> **Task to complete**
Could you repeat, exactly and with no pictures, only the lines from the start of the records through the line containing "3D model Blooming Strawberry Plant"?

*** Opening of Available data ***

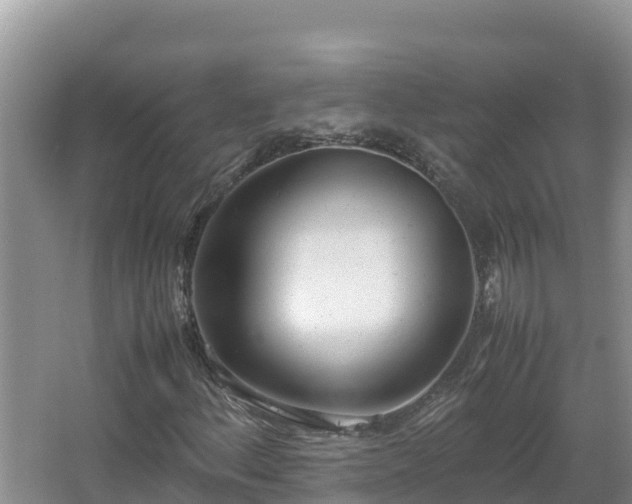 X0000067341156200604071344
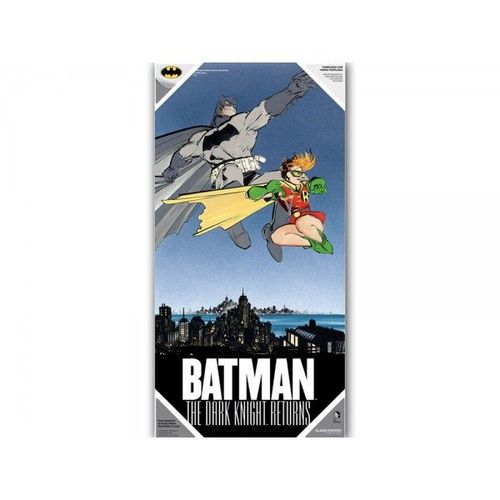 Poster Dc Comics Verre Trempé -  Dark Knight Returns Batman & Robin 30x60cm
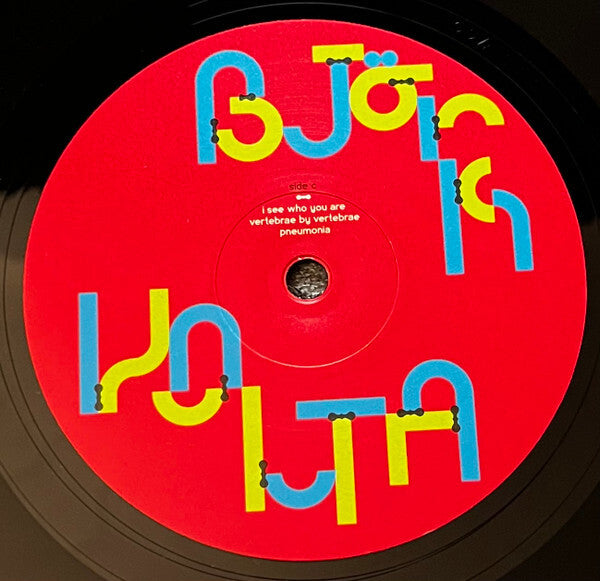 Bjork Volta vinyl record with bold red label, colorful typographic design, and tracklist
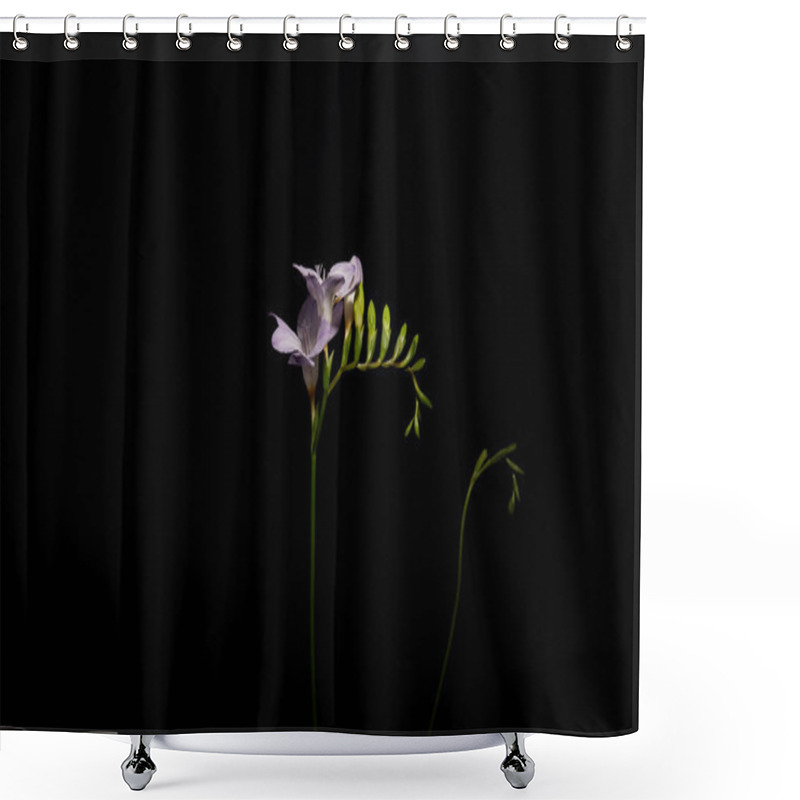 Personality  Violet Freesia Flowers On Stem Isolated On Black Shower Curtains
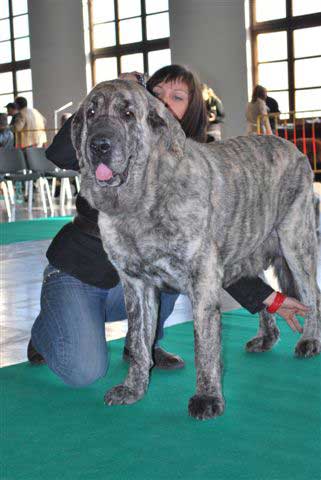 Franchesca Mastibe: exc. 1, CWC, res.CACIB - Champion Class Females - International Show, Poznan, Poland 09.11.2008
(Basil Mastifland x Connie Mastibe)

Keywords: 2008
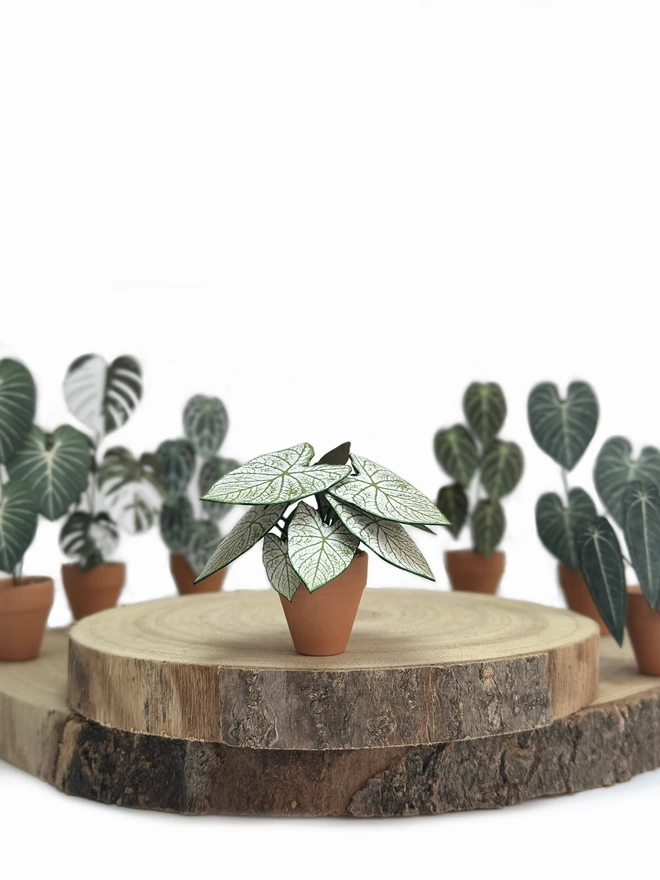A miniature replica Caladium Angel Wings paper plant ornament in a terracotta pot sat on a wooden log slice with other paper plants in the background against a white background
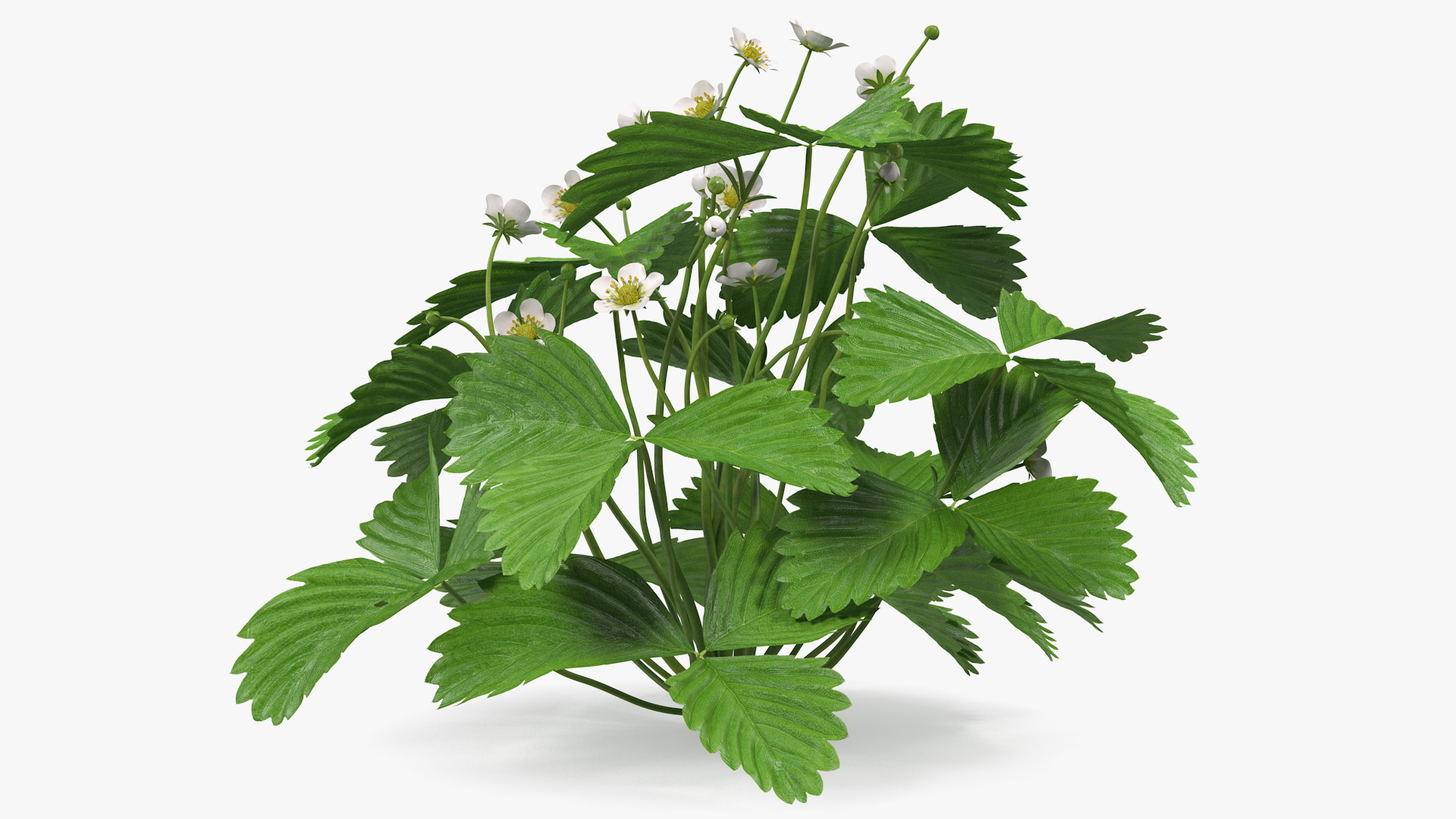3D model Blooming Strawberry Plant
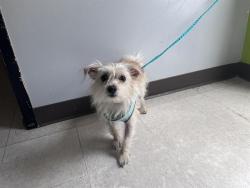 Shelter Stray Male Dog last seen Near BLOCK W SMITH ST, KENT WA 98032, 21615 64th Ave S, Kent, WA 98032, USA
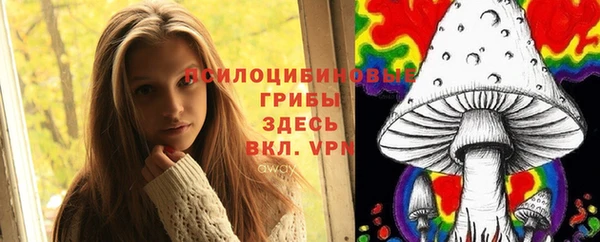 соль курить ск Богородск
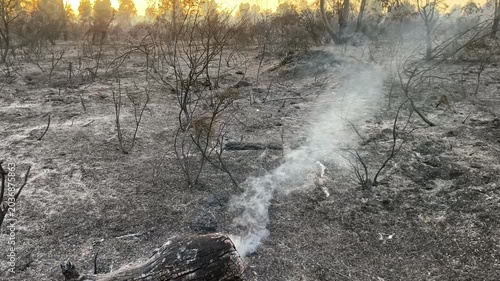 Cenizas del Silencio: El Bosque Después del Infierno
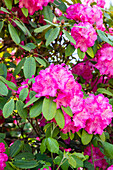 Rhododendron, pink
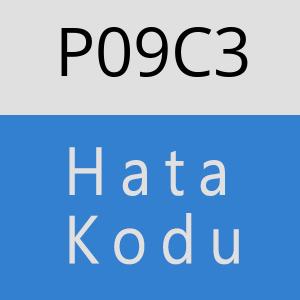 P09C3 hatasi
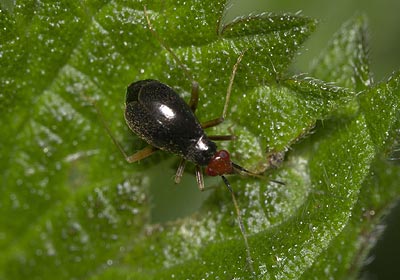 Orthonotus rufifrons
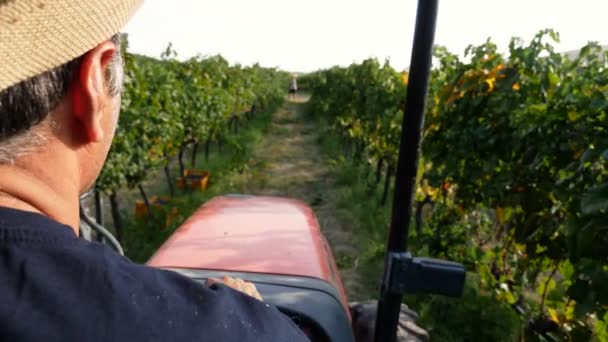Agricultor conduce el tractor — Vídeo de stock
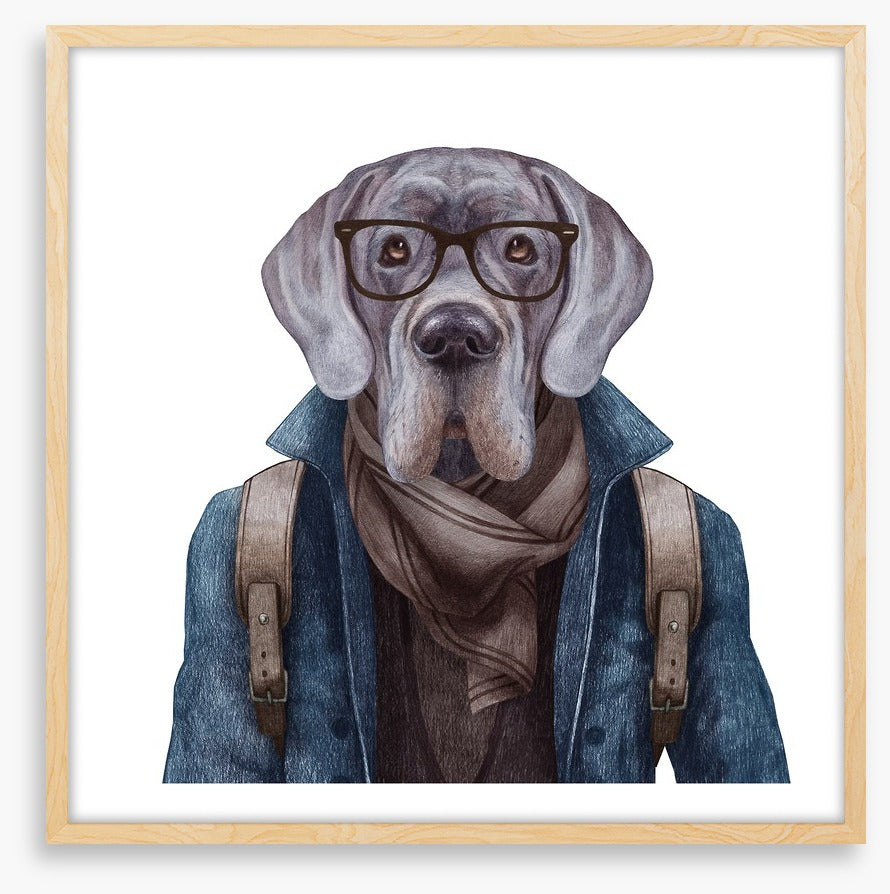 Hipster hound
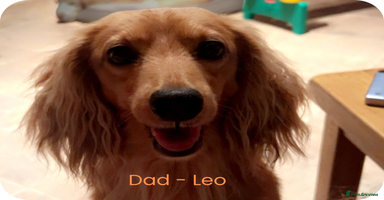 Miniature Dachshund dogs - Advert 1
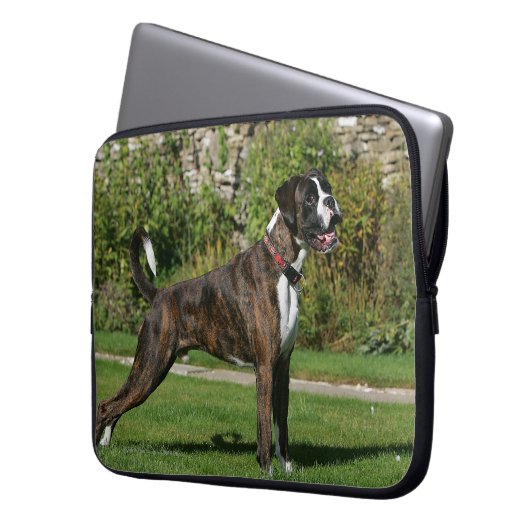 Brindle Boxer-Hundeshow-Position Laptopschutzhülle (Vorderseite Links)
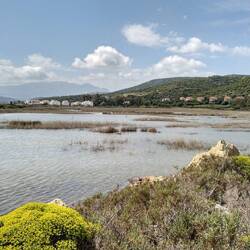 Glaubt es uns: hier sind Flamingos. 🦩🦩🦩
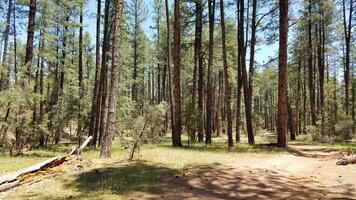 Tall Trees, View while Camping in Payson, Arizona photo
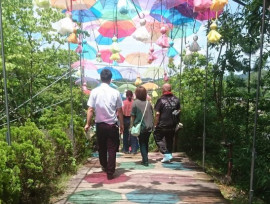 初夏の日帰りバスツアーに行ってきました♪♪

*** Close of Available data ***

> **Exercise result**
 X0000067341156200604071344
 Poster Dc Comics Verre Trempé -  Dark Knight Returns Batman & Robin 30x60cm
 Bjork Volta vinyl record with bold red label, colorful typographic design, and tracklist
 Personality  Violet Freesia Flowers On Stem Isolated On Black Shower Curtains
 Franchesca Mastibe: exc. 1, CWC, res.CACIB - Champion Class Females - International Show, Poznan, Poland 09.11.2008
(Basil Mastifland x Connie Mastibe)

Keywords: 2008
A miniature replica Caladium Angel Wings paper plant ornament in a terracotta pot sat on a wooden log slice with other paper plants in the background against a white background
3D model Blooming Strawberry Plant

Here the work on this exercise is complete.